Mit etwas über 35 Minuten Spielzeit wirkt die neue Scheibe vielleicht auf den ersten Blick etwas kurz für ein Progressive Metal Album, in diesem knapp bemessenen Zeitraum bringen BETWEEN THE BURIED AND ME allerdings mehr Ideen unter als so manch andere Band in der doppelten Spielzeit. Zudem suggeriert der Titel "Automata I" ja bereits eine Fortsetzung und tatsächlich ist das Teil auch als zweiteiliges Konzeptalbum angelegt. Die Verabreichung in Einzeldosen macht dabei insofern Sinn, da sich Teil 1 schon anfühlt wie eine prall gefüllte Wundertüte unbändiger Kreativität und den Hörer in doppelter Länge womöglich doch erschlagen könnte. In der vorliegenden Form ist die Wirkung schlichtweg gezielter.

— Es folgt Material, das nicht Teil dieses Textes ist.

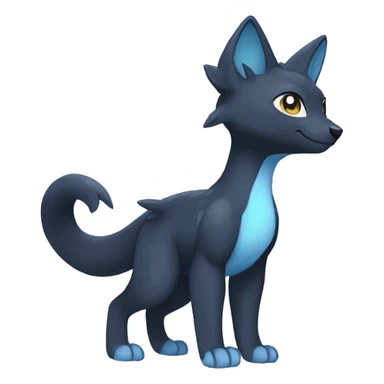Cute cool black blie animal hybrid Fakemon full body sticker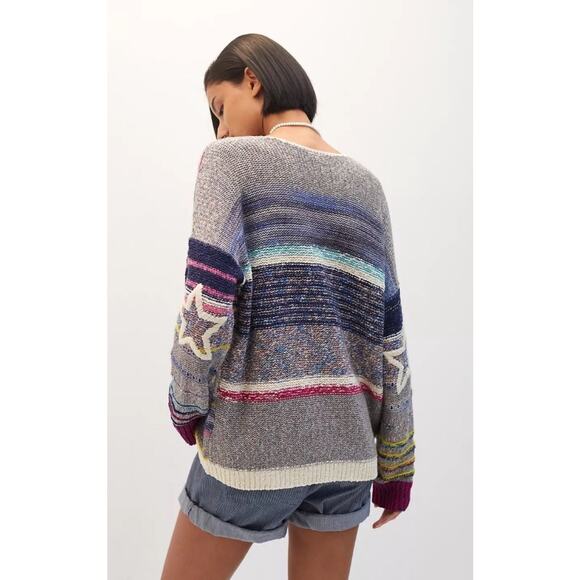 Pilcro Anthropologie Purple Blue Striped Oversized Star V Neck Sweater Medium - Picture 1 of 15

Inhaltlich liefern BETWEEN THE BURIED AND ME eine dezent an "The Truman Show" erinnernde Dystopie; knapp zusammengefasst folgt "Automata" einem Protagonisten, dessen Träume von einem Medienkonzern als Entertainment ausgestrahlt werden. Der Protagonist weiß davon nichts und hät seine Träume für real. Passend zu diesem düsteren Zukunftsszenario eröffnet "Condemned To The Gallows" das Album entsprechend schwermütig, baut sich mit sphärischen Keyboards und frickeligen Gitarren langsam auf, verfällt zur Mitte hin in todesbleierne Raserei und klingt zum Ende hin fast schon hoffnungsvoll melodisch aus. "House Organ" verwandelt sich in nur 3:40 Minuten fließend von einem Industrial-lastigen Stampfer in eine Pianoballade, klingt mit hypnotischem Alternative Rock aus und zeigt, dass ein abwechslungsreicher Song nicht zwingend eine lange Spielzeit voraussetzt.

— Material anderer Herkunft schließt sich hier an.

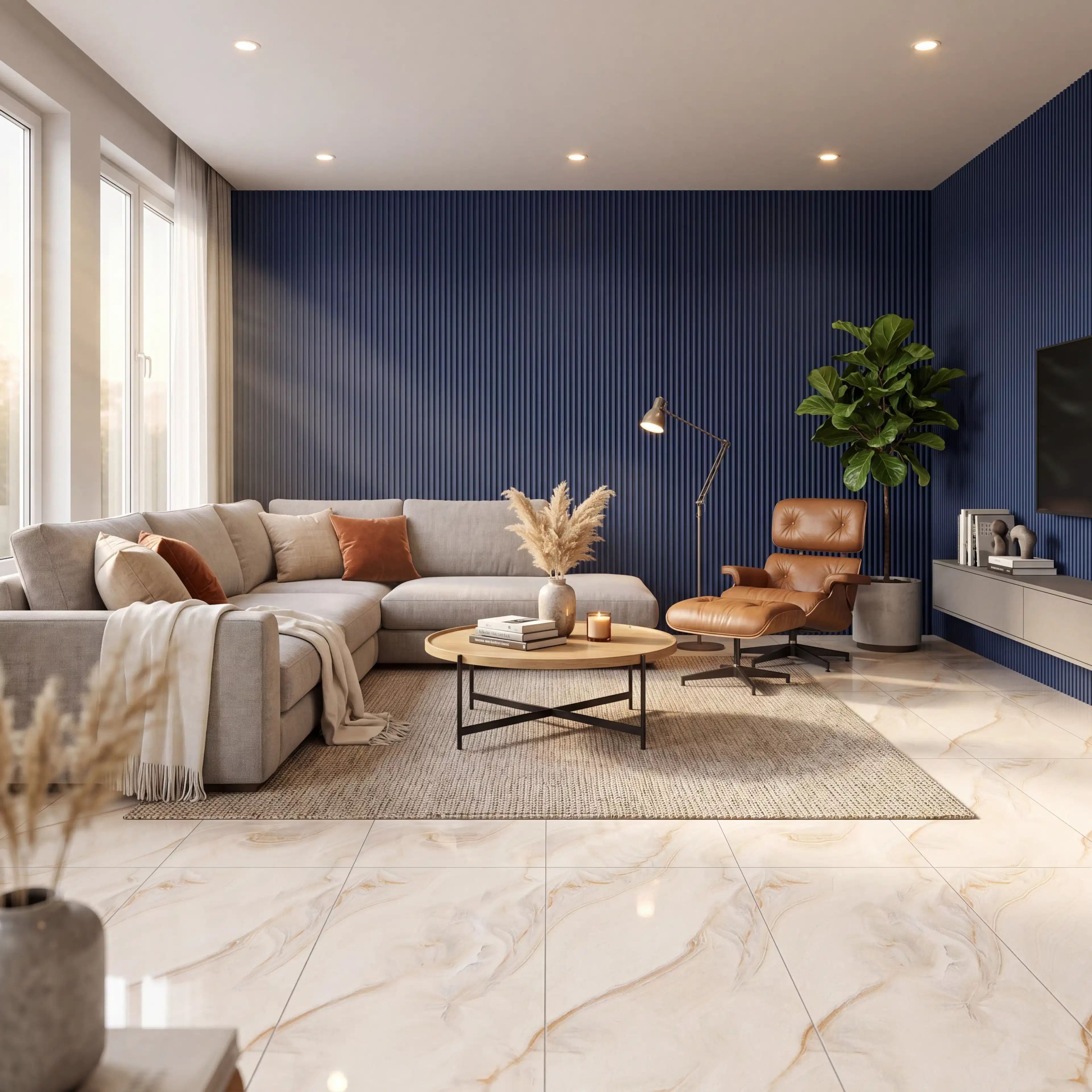 Blue and Ivory Contrastive Living Room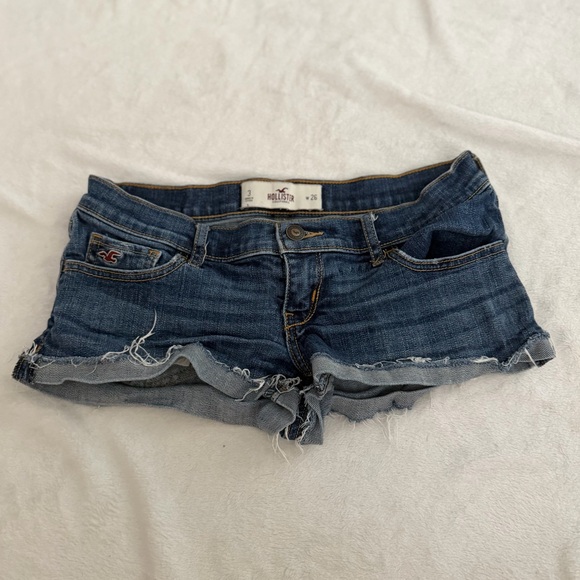 Hollister Pants - Hollister Women's Dark Blue Ultra Ultra Low Waisted Mini Jean Shorts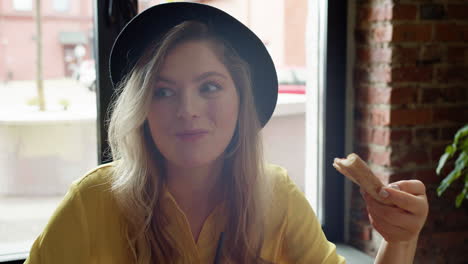 young blonde woman in a restaurant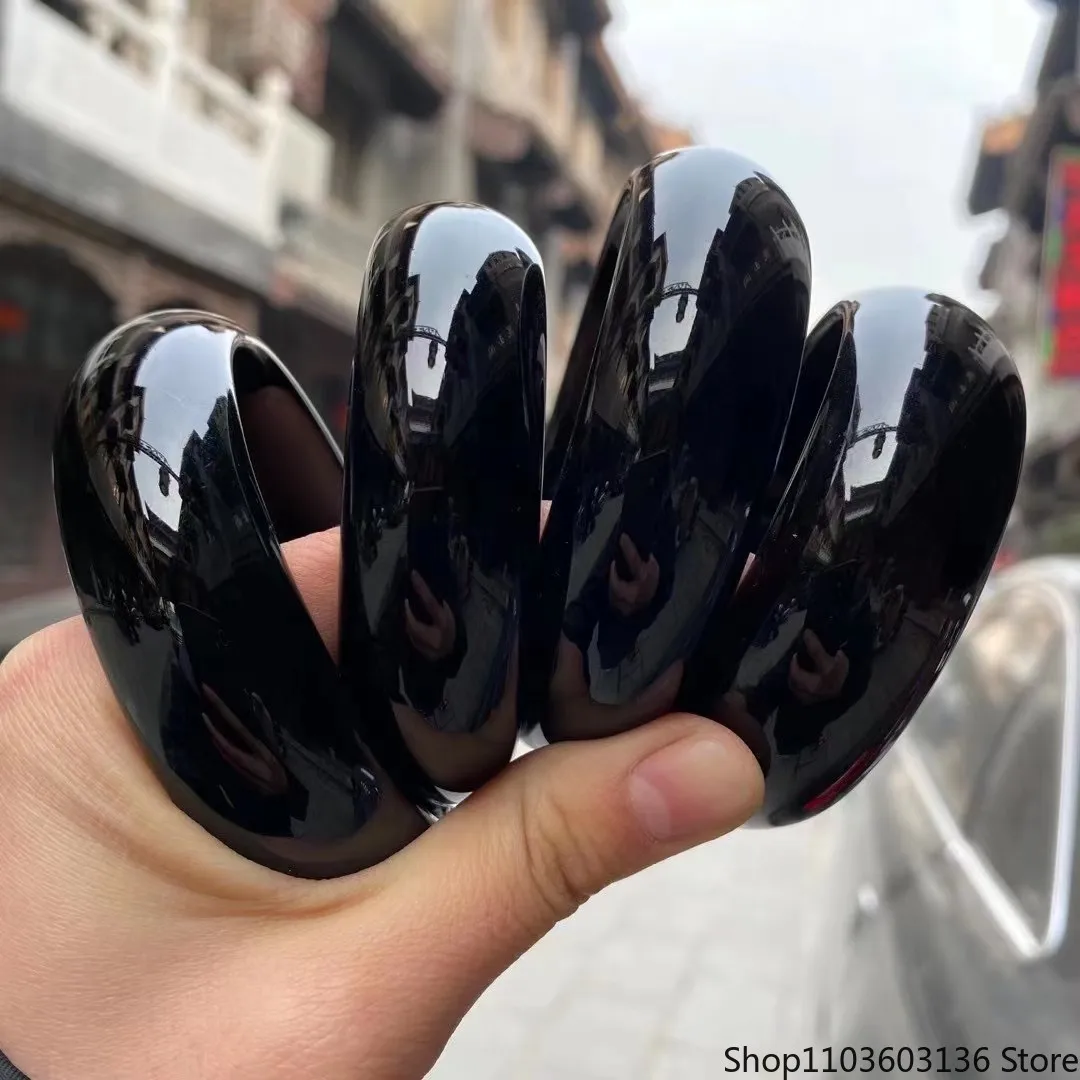 

Женские браслеты из настоящего нефрита, натуральный черный халцедон, сертифицированный нефритовый камень, ювелирные изделия, широкие браслеты, подарки для подруги и мамы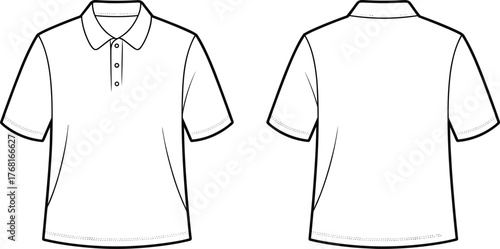 Vector polo shirt front and back view, short sleeve apparel template, fashion flat sketch, clothing mockup, casual wear design illustration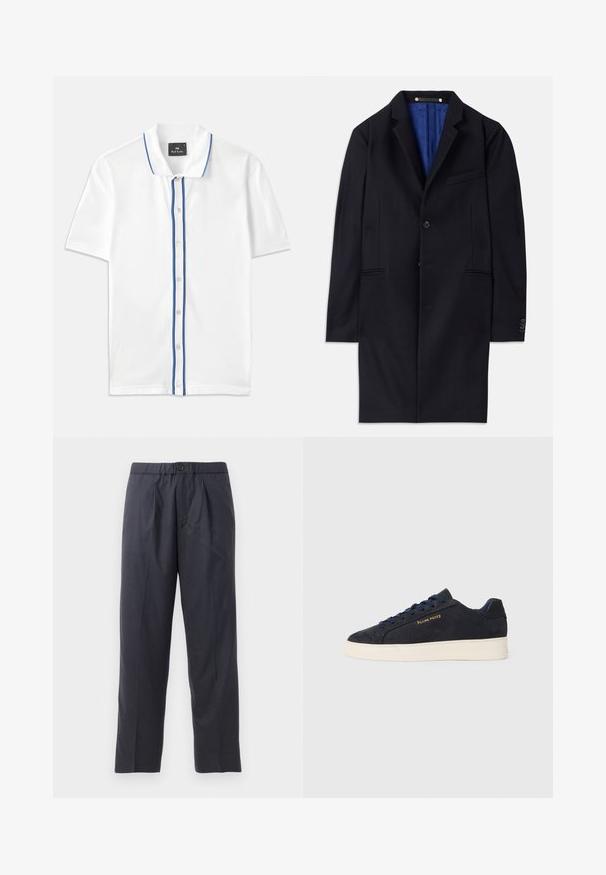 Cappotto di lana blu navy con chiusura a un bottone, revers a banda e due tasche laterali. Presenta una fodera interna blu e dettagli di cucitura minimali.; Polo bianco con dettagli blu lungo il colletto e il profilo dei bottoni, con maniche corte e design classico con bottoni.; Pantaloni scuri in navy realizzati in tessuto morbido, con design a pieghe frontali e vita elastica. Presentano una chiusura con bottone e un taglio dritto.; Sneaker bassa in suede blu navy con suola bianca, lacci blu navy e logo "Filling Pieces" in oro sul lato.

"Yellow Eyes" kommt einem Roundhouse Kick gleich, der in seinen knapp neun Minuten Ansätze von Death Metal, chaotische Mathcore-Ausbrüche, elektronische Ambient Klänge und erneut kühl stampfenden Industrial tangiert. Danach plätschert das weitestgehend von Klargesang begleitete "Millions" nahezu entspannt, nicht jedoch langweilig dahin, bevor nach dem kurzen Interlude "Gold Distance" mit "Blot" das furiose Finale der ersten Hälfte von "Automata" folgt. Hier ziehen BETWEEN THE BURIED AND ME noch mal alle Register und lassen über wahnwitzige Gitarrenläufe, intensiven Klargesang, Ruhephasen mit gefühlvollem Keyboardeinsatz, gefolgt von hartem Riffstakkato und garstigen Shouts einen Spannungsbogen entstehen, der perfekt zur düsteren Erzählung des übergreifenden Konzeptes passt.

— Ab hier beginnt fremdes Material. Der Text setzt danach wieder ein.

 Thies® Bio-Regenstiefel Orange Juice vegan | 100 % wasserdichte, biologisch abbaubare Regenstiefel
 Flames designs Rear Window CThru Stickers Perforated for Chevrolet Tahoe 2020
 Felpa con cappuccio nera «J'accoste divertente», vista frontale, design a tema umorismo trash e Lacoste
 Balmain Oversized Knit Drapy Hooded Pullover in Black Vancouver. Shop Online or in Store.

"Automata I" ist ein Album geworden, zu dem man trotz seiner Komplexität problemlos Zugang finden kann. Die dargebotene Musik ist vielschichtig, aber nicht übermäßig verkopft oder gar sperrig; die Atmosphäre düster, aber nicht ohne einen Schimmer von Hoffnung. BETWEEN THE BURIED AND ME spielen damit weiterhin in ihrer ganz eigenen kleinen Liga, in der vor ihrer Auflösung höchstens noch THE DILLINGER ESCAPE den Platz mit ihnen geteilt haben. Nun darf man gespannt sein, ob "Automata II" die Qualität des ersten Teils wird halten können.